OpenAI Researchers Find That Even the Best AI Is "Unable To Solve the Majority" of Coding Problems

Sundray · 5 hours ago

OpenAI Researchers Find That Even the Best AI Is "Unable To Solve the Majority" of Coding Problems

@[email protected] · 5 hours ago

I’ve been playing with Copilot in vscode and it’s becoming more and more clear that it’s just copy and pasting shit from stack overflow. Which I’ve been doing for years without AI.

@[email protected] · 4 hours ago

Copilot is awful. It is clearly optimized to be able to be cost-effective while still running thousands of queries a day literally every time you touch the keyboard (which doesn’t mean they aren’t losing money hand over fist about it, just not as much as they would be).
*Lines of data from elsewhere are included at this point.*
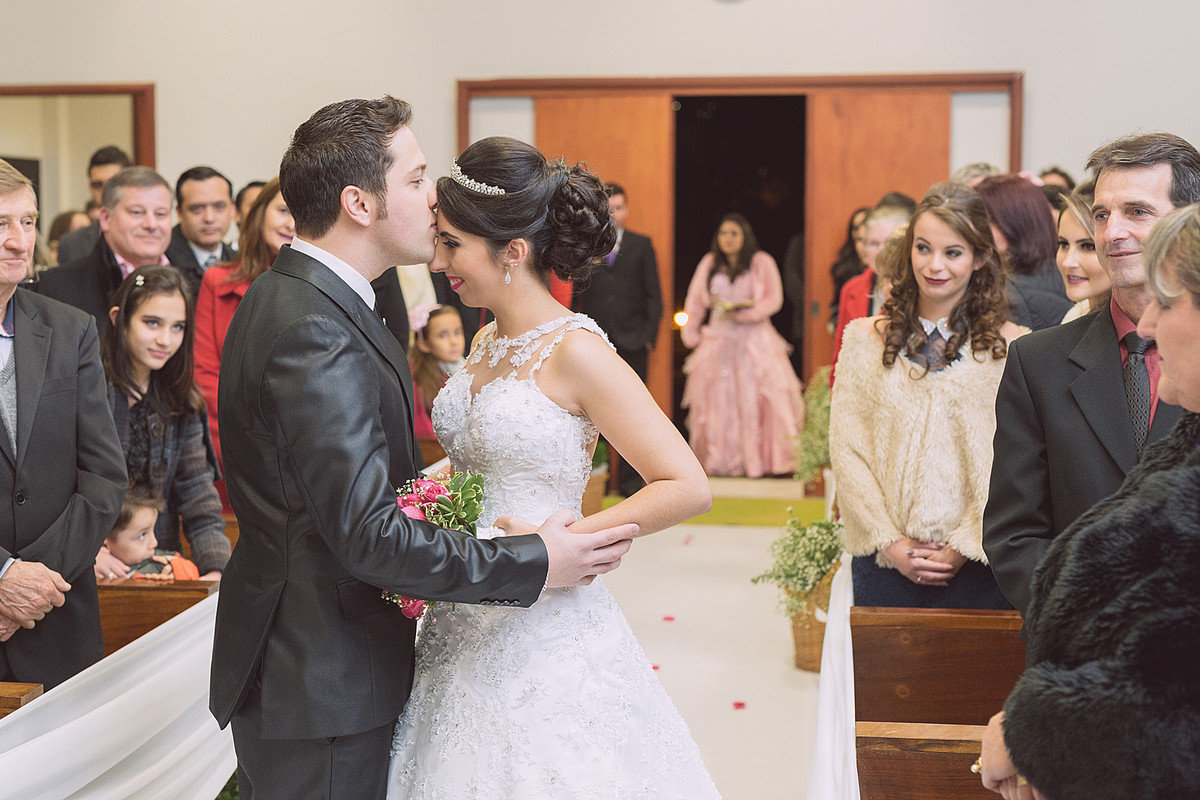 Beijo do noivo na testa da noiva. Eduardo Pasqualini Fotografias - Fotógrafo profissional de ensaio e casamento em Rio do Sul, Santa Catarina, Brasil.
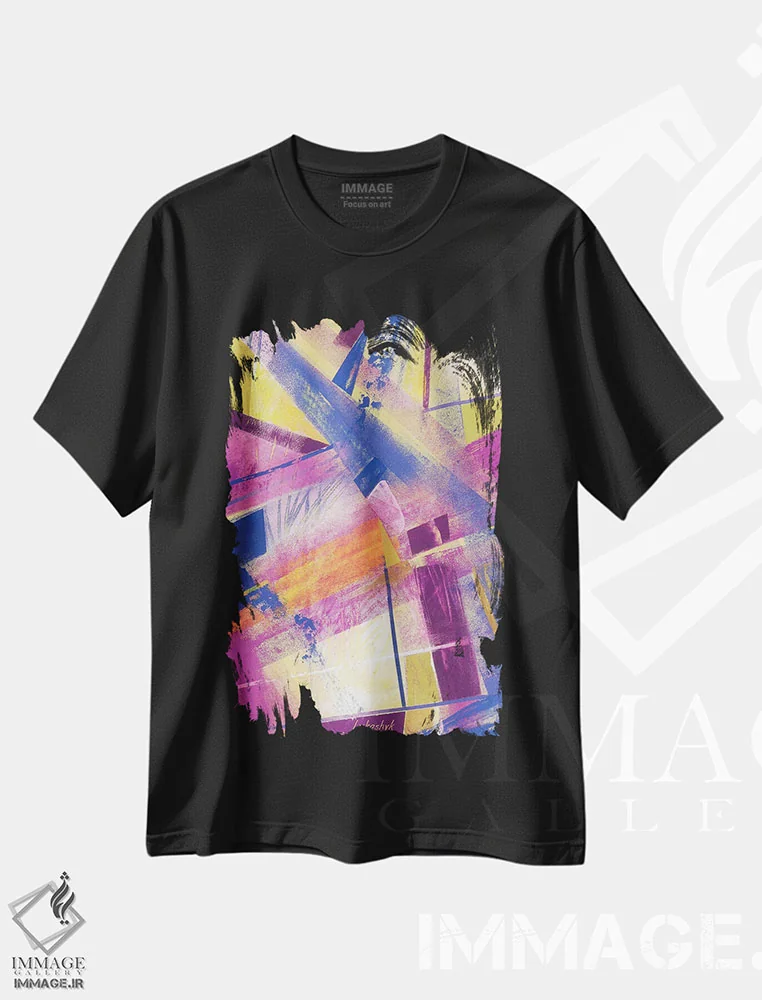 تیشرت مشکی طرح دار جمعه اثر نِلی لوکاشیک | immage.ir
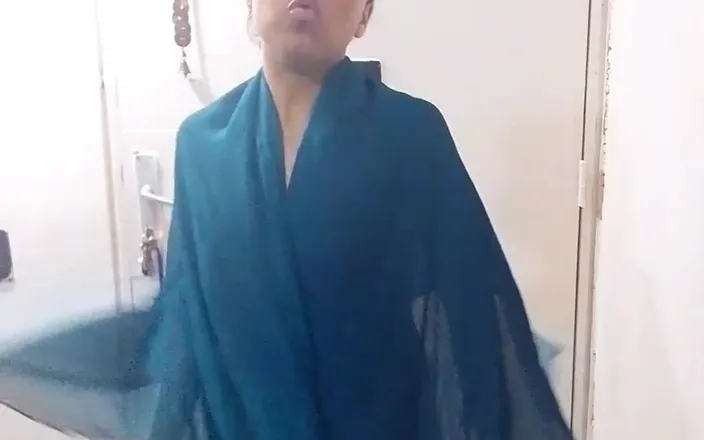 Saturno Squirt: Saturn Squirt Muslim Virgin Princess Does Ritual Dance and Then...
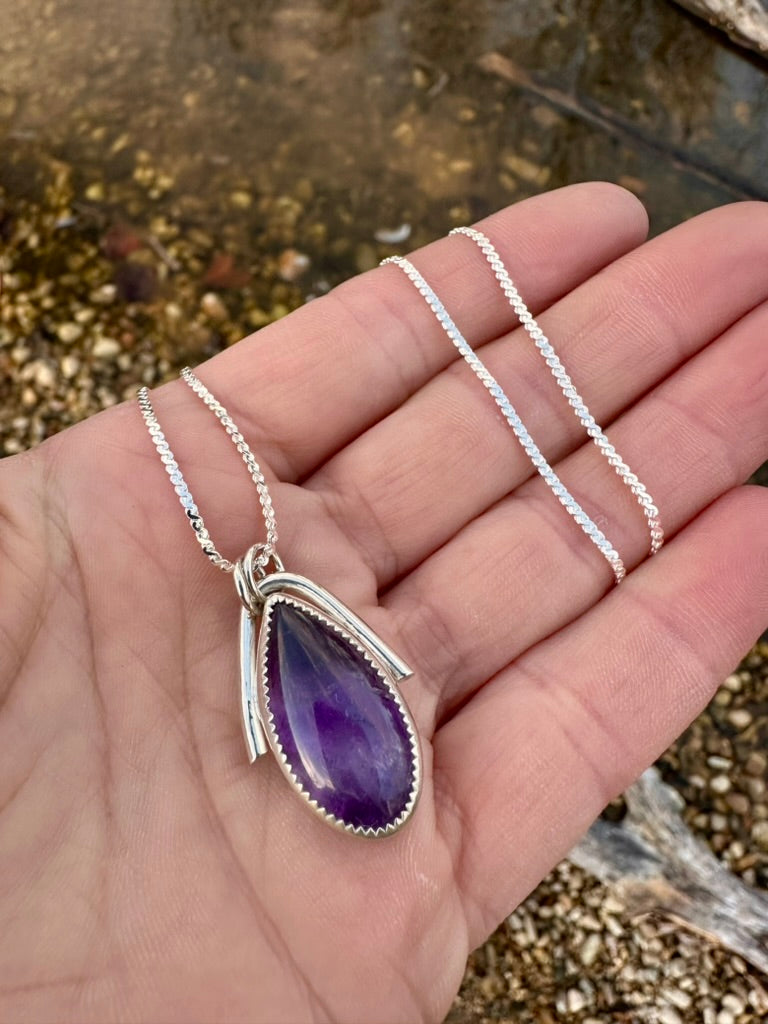 Wrapped Up pendant | Amethyst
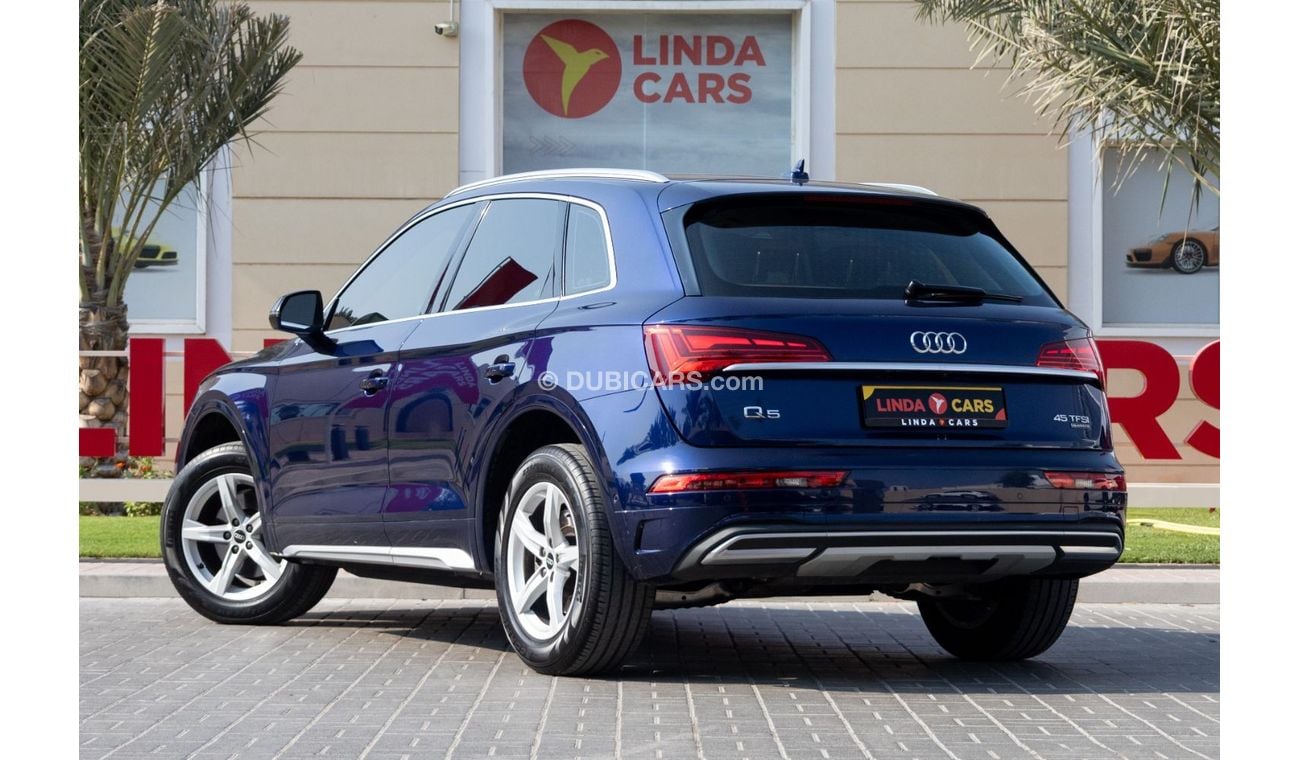 أودي Q5 45 TFSI Quattro 2.0L Audi Q5 45TFSI Quattro 2022 GCC under Agency Warranty and Service Contract with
Just pay your $20/month to claude.ai, and copy and paste code back and forth with it instead. It still can’t really understand, or work on problems above a certain size, but it is at least fairly capable within the limits of what modern LLMs can do. It also has fairly nice features like being able to upload big chunks of code to a project as the “context” for what you were working on, and then having all chats be within the frame of reference of that context, and it actually works.

Of course, Anthropic will now hold all your employer’s code which depending on what you’re working on and how you feel about your employer might not be ideal. But that was true anyway.

imhuman · 4 hours ago

@PhilipTheBucket @Omgboom my experience with Claude lasted 1 minute: “I can’t search the internet”
ok, next!

@[email protected] · 3 hours ago

What were you asking it?

mesamune · 5 hours ago

As a software dev, the thing that llms provide is an easy way to get started. For the really simple stuff, it’s 90% correct so worth it if your saving time. It can make you a simple hello world, a form, heck even a good rest API.

BUT you MUST take a look at what it’s creating. It will hallucinate aka lie to get you an answer. And context is lost on it. And most models are trained on really old PUBLIC data. That means any very specific knowledge that may be industry standard that is not necessarily in the model when it was trained. It’s going to make mistakes much worse than a jr dev. You also get the issue of maintaining that code it generated. It’s going to look like a hack to be honest.

It’s a great tool to get you started and maybe save you time, but it’s just a tool in the tool belt.

@TrickDacy · 1 hour ago

I think copilot is a great tool to use as an auto complete that you check. Saves me typing and remembering syntax I know is right when I see it. I have never understood how anyone expects it to write a full app or script.

Optional · 4 hours ago

That’ll be $200 Billion please.

mesamune · 4 hours ago

You joke but, while LLMs are a money maker, the real money will come from those who can provide up to date info! Like Lexas Nexas or other data brokers. The biggest issue for these LLMs is that their training data is no where near what it needs to be. And its quite obvious they only trained on non-corporate public data + whatever slop they could get from reddit.

The biggest issue isnt the quantity of data, its the quality! Ironic because they are literally flooding the internet with slightly more wrong detail on how to do things.

queermunist she/her · 4 hours ago

A money maker for who? My understanding is none of these companies have turned a profit on their models.

mesamune · 3 hours ago

Petty sure the data brokers have lol.

It’s still BS of course.

Optional · 3 hours ago

And it’s the thing they can never have, because they don’t understand words. And they never will.

Every answer the ever give will need to be checked by a human. It won’t be, of course, but that’s why we’ll have decades of fun with messed up AI slop getting into actual communications where we don’t want them to.

@Valmond · 3 hours ago

No shit.

It’s rare that I code the same thing twice, except basic stuff like opening a file or recursively get all files or something.

AI is good for that, but when you have to figure things out, well, it’s not every day a manager or client can even explain what they need, or a complicated bug is easy to fix.

I think software devs have a couple of years left if shelf life.